- Film poster
- Directed by: Mahamat Saleh Haroun
- Starring: Sandrine Bonnaire
- Release dates: 8 September 2017 (TIFF); 7 February 2018 (France);
- Running time: 100 minutes
- Country: France
- Language: French

= A Season in France =

2017 film

A Season in France (Une Saison en France) is a 2017 French drama film directed by Mahamat Saleh Haroun. It was screened in the Special Presentations section at the 2017 Toronto International Film Festival. The film opened the Afrika Filmfestival in Louvain, Belgium in April 2018 and is distributed in the Benelux by Imagine.

==Cast==
- Sandrine Bonnaire as Carole Blaszak
- Eriq Ebouaney as Abbas Mahadjir

==Plot==
The film is set in 2016. Abbas Mahadjir was a French teacher in the Central African Republic. He fled with his family, including his brother, from one of the civil wars that struck his country. He is haunted by the memory of his wife, killed during their flight. He now lives in France [the film is set in the Paris suburbs] with his two young children, Asma and Yacine, who go to school. He works in a fruit and flower market, and skips between borrowed and rented apartments. He meets Carole at the market, a florist of Polish origin with whom he establishes a relationship.
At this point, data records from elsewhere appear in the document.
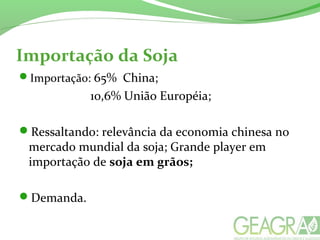 Importação da Soja
Importação: 65% China;
10,6% União Européia;
Ressaltando: relevância da economia chinesa no
mercado mundial da soja; Grande player em
importação de soja em grãos;
Demanda.
 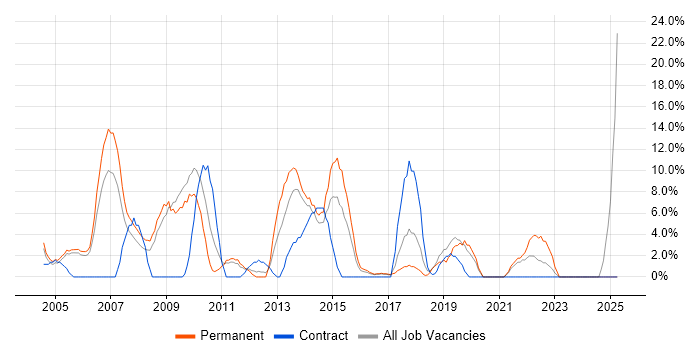 Job vacancy trend for C++ in Street Job vacancy trend for C++ in Street
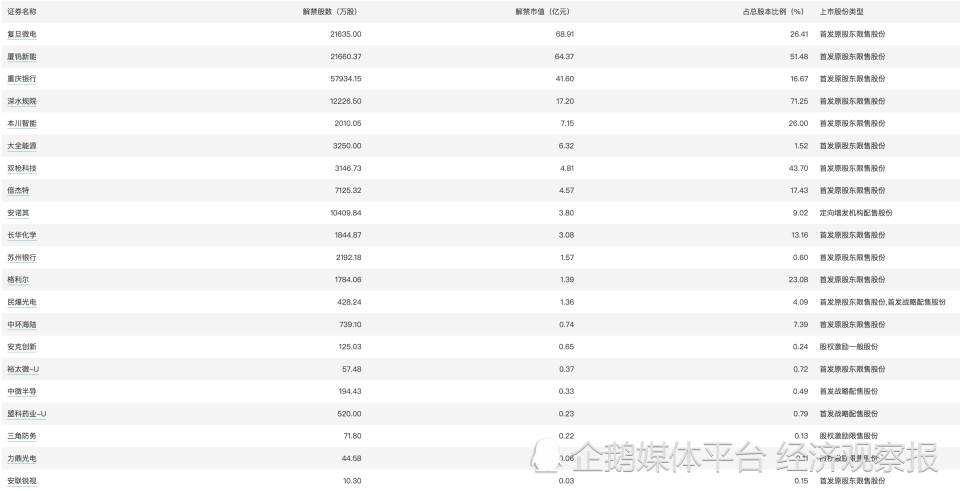 2024年新奥精准全年免费资源，高效计划执行_WQO56.386环保版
When his asylum application is rejected by OFPRA (Office français de protection des réfugiés et apatrides), Abbas initiates an appeal. When this in turn is rejected, he is served with an 'obligation to leave' notice, within 30 days. Now without work and housing, and "sans papiers", Abbas and his children find refuge with Carole. His brother, who had been a philosophy lecturer in the CAR, also has his asylum application rejected, and he self-immolates in the immigration office, later dying from his injuries.

At the end of the statutory 30 days, suffering extreme distress, Abbas does not file an appeal with his last hope, the chairman of the administrative tribunal. When the police summon Carole to the police station and inform her of the penalties incurred for helping foreign over-stayers, he prefers to flee with his children without leaving an address or contact. Carole tries in vain to find any trace of them in the Calais Jungle migrant camp, which had been cleared and dismantled a few hours earlier.

==Reception==
On review aggregator website Rotten Tomatoes, the film holds an approval rating of 92% based on 12 reviews, with an average rating of 6.8/10.